Last Month at the Federal Circuit
Last Month at the Federal Circuit

August 2012

Fairness Considerations Required Under Ninth Circuit Law When Determining Scope of Extrajudicial Waiver of Attorney-Client Privilege


Judges:  Moore, Clevenger (author), Reyna (dubitante)
[Appealed from N.D. Cal., Judge Fogel]

In Wi-LAN, Inc. v. LG Electronics, Inc., No. 11-1626 (Fed. Cir.
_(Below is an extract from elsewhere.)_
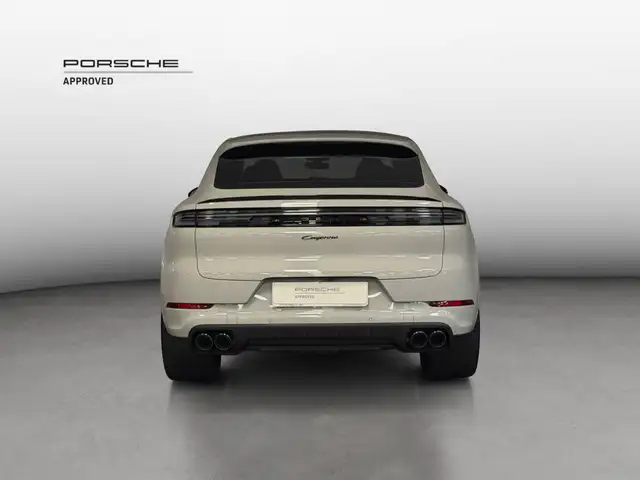 Porsche Cayenne view 4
July 13, 2012), the Federal Circuit vacated and remanded the district court’s order requiring Kilpatrick Townsend & Stockton LLP (“Kilpatrick”), counsel for Wi-LAN, Inc. (“Wi-LAN”), to produce certain communications between Kilpatrick and Wi-LAN, holding that the district court applied the improper analysis in determining the scope of waiver of the attorney-client privilege.  The Court also vacated and remanded the district court’s contempt sanctions against Kilpatrick.

In 2006, LG Electronics, Inc. (“LG”) took a license from Wi-LAN on certain patents, but subsequently refused to pay royalties because it claimed that it did not practice those patents.  In an attempt to convince LG to revise its position and pay royalties, Wi-LAN forwarded to LG an opinion letter prepared by its counsel, Kilpatrick.  The letter was marked “CONFIDENTIAL” on every page and contained a detailed analysis of Wi-LAN’s patent rights as applied to LG’s technology.  Wi-LAN did not dispute that its disclosure of the letter to LG was intentional. 
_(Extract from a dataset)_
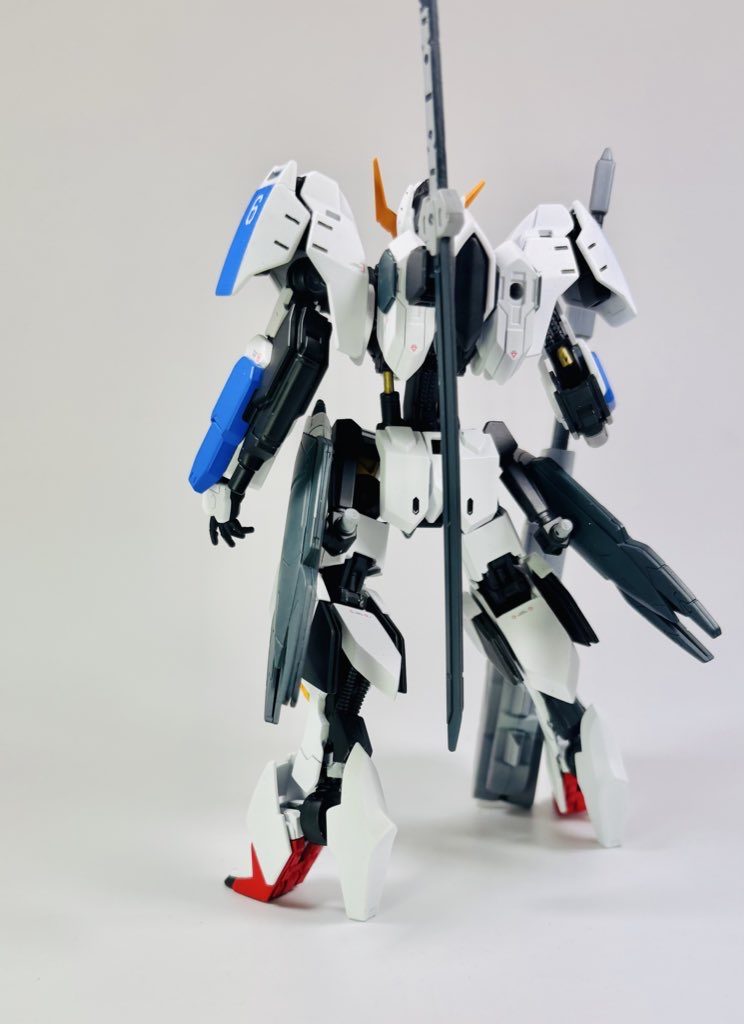 第6形態のマッシブな上半身に負けないように主に下半身を中心にプラ板やパテなどを使用して自分好みに作ってみました。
The letter did not convince LG, and Wi-LAN sued LG for patent infringement in the Southern District of New York, identifying Kilpatrick as litigation counsel on its complaint.  During discovery, LG served a subpoena on Kilpatrick’s Palo Alto office for documents and testimony relating to the subject matter of the letter.  Kilpatrick moved the district court to quash the subpoena, arguing that any waiver should be limited to the opinion letter and that fairness does not compel a subject matter waiver.  The magistrate judge and the district court denied the motion and ordered Kilpatrick to produce certain communications between Kilpatrick and Wi-LAN.  Kilpatrick did not, however, timely comply with the order.  Instead, it sought relief by filing a motion for certification of an interlocutory appeal, which was rejected on jurisdictional grounds.  At this point, several months had passed since service of the subpoena, and the district court, after considering the case, found Kilpatrick in contempt and entered sanctions in the amount of LG’s costs and fees.  Kilpatrick appealed.
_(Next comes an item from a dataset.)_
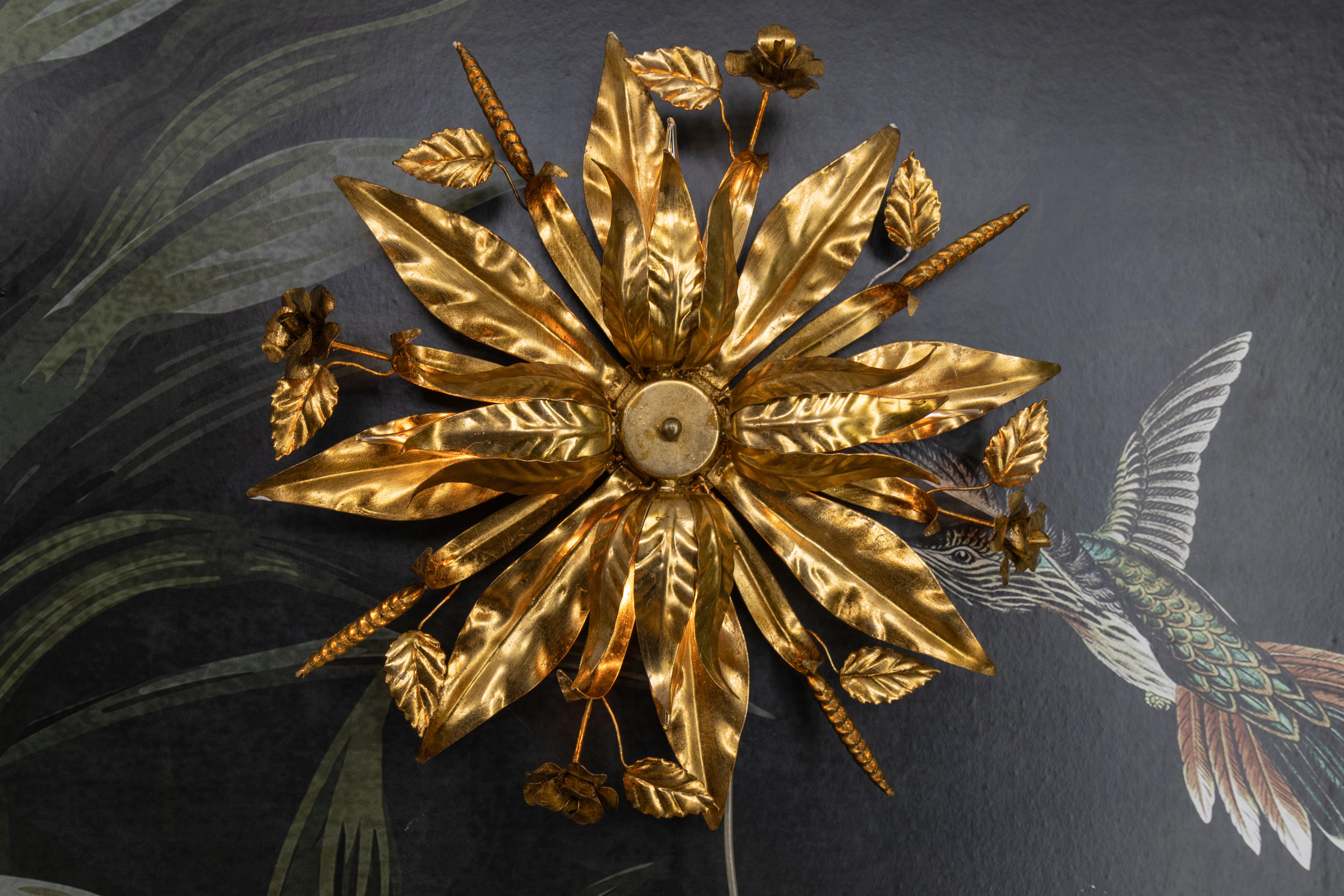 Large Hollywood Regency Gilt Metal Floral Four-Light Flush Mount or Wall Sconce (Deutsch) im Angebot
The question presented on appeal is whether, under the Ninth Circuit law, the fairness consideration, afforded under Fed. R. Evid. 502(a) to a party who expressly waives attorney-client privilege during litigation, should equally be available to one whose disclosure occurred prior to litigation.  Kilpatrick argued that fairness balancing should always be available to one who expressly waives privilege prelitigation and, under such a test, the scope of waiver should be essentially limited to the letter itself without extending it to any other communication between Wi-LAN and Kilpatrick because LG is unable to articulate any prejudice.  LG, on the other hand, argued that fairness balancing must never be available in those circumstances and that an extrajudicial waiver of the attorney-client privilege must always extend beyond the precise matter disclosed.


“As between the two directions put forward by the parties—one requiring fairness balancing for extrajudicial discloses, the other barring it—we conclude that the Ninth Circuit’s cases support the former far better than the latter.  The Ninth Circuit has repeatedly endorsed fairness balancing in a variety of circumstances; more to the point it has never set forth, either expressly or inherently, any rule barring fairness’s application to extrajudicial disclosures.”  Slip op. at 16.

Noting that the Ninth Circuit has not spoken squarely on the issue of whether fairness balancing is either required or proscribed in this case, the Court analyzed relevant Ninth Circuit and other regional circuit case law to determine what the Ninth Circuit would hold, were the question presented to it.  After the analysis, the Court concluded that the Ninth Circuit would find fairness balancing to be required in cases where the waiver of the attorney-client privilege occurred during an extrajudicial setting.  The Court reasoned that the Ninth Circuit has favorably recognized the strong precedent of fairness balancing in the last twenty-five years and that it found nothing in the Ninth Circuit law that would simultaneously require district courts to apply fairness balancing to privilege waivers made during litigation, but blocking them from applying it to extrajudicial waivers.  On the policy consideration, the Court further noted that any rule barring application of fairness balancing to extrajudicial disclosures seemed bad policy and it would decline to adopt it on the Ninth Circuit’s behalf.  For these reasons, the Court concluded that the district court erred by rejecting considerations of fairness—i.e., whether LG would be unfairly prejudiced by Wi-LAN’s assertion of privilege—when assessing the scope of waiver.  The Court, however, declined to evaluate fairness itself and remanded for further proceedings.

Regarding the contempt sanctions, the Court noted that, even though it agreed with Kilpatrick that the district court erred in applying privilege doctrine, that is not the same as excusing failure to comply with a judicial order.  Further, noting that the Ninth Circuit generally defers to a trial court’s finding of contempt, the Court declined to determine whether and to what extent Kilpatrick should pay a penalty for its failure.  Accordingly, the Court vacated the district court’s entry of contempt sanctions against Kilpatrick but noted that the district court would have discretion to revisit the issue on remand.

Judge Reyna filed an opinion dubitante, raising doubts about the majority’s conclusion.  Specifically, Judge Reyna stated that his examination of the trend in law that the majority discerns does not lead to certainty and that “even a route that lies opposite the route charted by the majority is as good a route as any.”  Reyna op. dubitante at 2.